The physics of $Z^0/γ^*$-tagged jets at the LHC
R. B. Neufeld, I. Vitev, B. -W. Zhang
TL;DR
The paper develops LO and NLO predictions for $Z^0/\gamma^*$+jet production at the LHC, establishing a high-precision baseline in proton-proton and heavy-ion collisions. It formulates and applies a GLV-based description of medium-induced energy loss for parton showers in a dynamically evolving QGP, linking the in-medium gluon bremsstrahlung spectrum to observable jet suppression and energy redistribution.

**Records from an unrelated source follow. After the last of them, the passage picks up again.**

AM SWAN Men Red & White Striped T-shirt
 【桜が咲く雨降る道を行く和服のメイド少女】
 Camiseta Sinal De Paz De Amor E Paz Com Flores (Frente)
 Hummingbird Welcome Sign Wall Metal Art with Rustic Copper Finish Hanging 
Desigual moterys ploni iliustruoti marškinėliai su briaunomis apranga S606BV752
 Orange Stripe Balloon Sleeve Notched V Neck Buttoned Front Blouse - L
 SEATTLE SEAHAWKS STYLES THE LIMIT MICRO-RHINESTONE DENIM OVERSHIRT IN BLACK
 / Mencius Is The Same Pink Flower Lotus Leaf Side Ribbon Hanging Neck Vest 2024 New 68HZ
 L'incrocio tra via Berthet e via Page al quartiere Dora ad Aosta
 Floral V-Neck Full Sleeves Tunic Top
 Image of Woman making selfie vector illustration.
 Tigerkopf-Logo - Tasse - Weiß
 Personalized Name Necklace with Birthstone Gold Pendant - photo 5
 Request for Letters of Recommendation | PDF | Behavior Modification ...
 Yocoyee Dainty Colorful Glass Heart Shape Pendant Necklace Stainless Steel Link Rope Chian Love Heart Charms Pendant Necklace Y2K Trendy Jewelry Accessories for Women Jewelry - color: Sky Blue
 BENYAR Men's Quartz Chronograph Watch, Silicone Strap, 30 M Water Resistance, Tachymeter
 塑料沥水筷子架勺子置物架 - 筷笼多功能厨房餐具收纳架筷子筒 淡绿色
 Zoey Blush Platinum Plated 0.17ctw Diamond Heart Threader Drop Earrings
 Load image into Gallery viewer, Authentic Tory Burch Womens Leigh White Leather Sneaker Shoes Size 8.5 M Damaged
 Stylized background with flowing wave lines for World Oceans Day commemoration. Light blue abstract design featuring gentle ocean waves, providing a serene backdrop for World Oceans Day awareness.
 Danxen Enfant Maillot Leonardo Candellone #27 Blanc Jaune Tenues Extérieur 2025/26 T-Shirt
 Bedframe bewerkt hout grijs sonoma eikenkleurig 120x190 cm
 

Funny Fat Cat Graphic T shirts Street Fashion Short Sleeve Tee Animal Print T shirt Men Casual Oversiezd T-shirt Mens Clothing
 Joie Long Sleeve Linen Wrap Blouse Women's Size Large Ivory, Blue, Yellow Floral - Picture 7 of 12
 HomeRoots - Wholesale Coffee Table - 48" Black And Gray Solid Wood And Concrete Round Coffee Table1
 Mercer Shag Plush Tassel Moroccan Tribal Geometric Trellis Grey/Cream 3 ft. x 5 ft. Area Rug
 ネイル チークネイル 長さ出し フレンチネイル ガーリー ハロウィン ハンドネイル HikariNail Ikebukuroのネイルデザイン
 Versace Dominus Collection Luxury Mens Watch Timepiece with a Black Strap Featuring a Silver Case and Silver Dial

A key contribution is the first NLO treatment of tagged jets in heavy-ion collisions and the prediction of a sharp transition from suppression to enhancement as a function of the tagged jet $p_T$, reflecting the underlying gluon bremsstrahlung spectrum. The work lays the groundwork for jet tomography with electroweak-tagged jets and offers concrete predictions for LHC measurements that can constrain QGP properties.
Abstract
Electroweak bosons produced in conjunction with jets in high-energy collider experiments is one of the principle final-state channels that can be used to test the accuracy of perturbative Quantum Chromodynamics calculations and to assess the potential to uncover new physics through comparison between data and theory. In this paper we present results for the $Z^0/γ^*$+jet production cross sections at the LHC at leading and next-to-leading orders. In proton-proton reactions we elucidate up to ${\cal O}(G_Fα_s^2)$ the constraints that jet tagging via the $Z^0/γ^*$ decay dileptons provides on the momentum distribution of jets. In nucleus-nucleus reactions we demonstrate that tagged jets can probe important aspects of the dynamics of quark and gluon propagation in hot and dense nuclear matter and characterize the properties of the medium-induced parton showers in ways not possible with more inclusive measurements. Finally, we present specific predictions for the anticipated suppression of the $Z^0/γ^*$+jet production cross section in the quark-gluon plasma that is expected to be created in central lead-lead collisions at the LHC relative to the naive superposition of independent nucleon-nucleon scatterings.